For the blend with PEtOx and PsecBuOx, it was difficult to unambiguously determine if the polymers were indeed miscible since the T_gs of the pure polymers were within each other’s vicinity. ssNMR was needed as a complementary analysis technique to confirm that the polymers were miscible based on their T_1H and T_1ρH relaxation times. Addition of the drug did not affect the miscibility of the polymers and a single T_g was observed for both IND and ITZ at different drug loadings.

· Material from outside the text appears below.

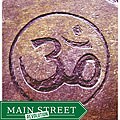 Hand-Carved Natural Stone 'Om' Circle Inspirational Art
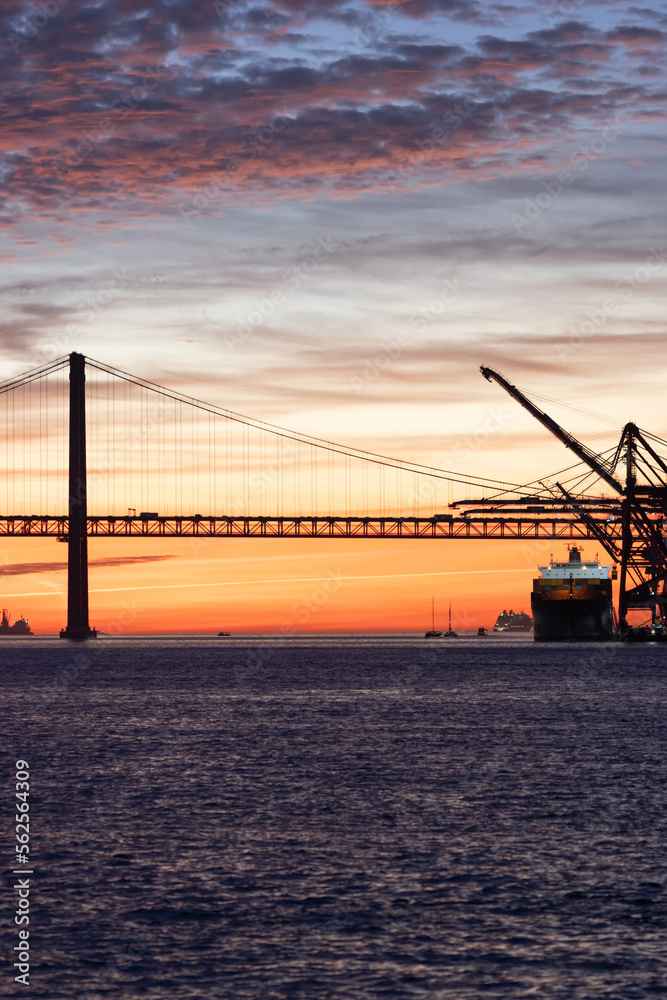 Lisbon 25th of April Bridge at sunset and industrial working cranes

This work highlights the potential of PAOx as a novel polymer class for ASDs. Despite the fact that the three polymers were structurally very similar, one combination led to an immiscible system while the other blend resulted in a miscible system. A possible explanation for this miscibility behaviour was the presence of branched, racemic chiral side chains in the PsecBuOx polymer, leading to favourable mixing behaviour with PEtOx and its absence in the PPrOx side-chain. It is clear that as various functional groups can easily be incorporated as a side chain, PAOx can serve as a formulation platform to design tailor-made carriers with specific solution, thermal, mechanical and also miscibility behaviour.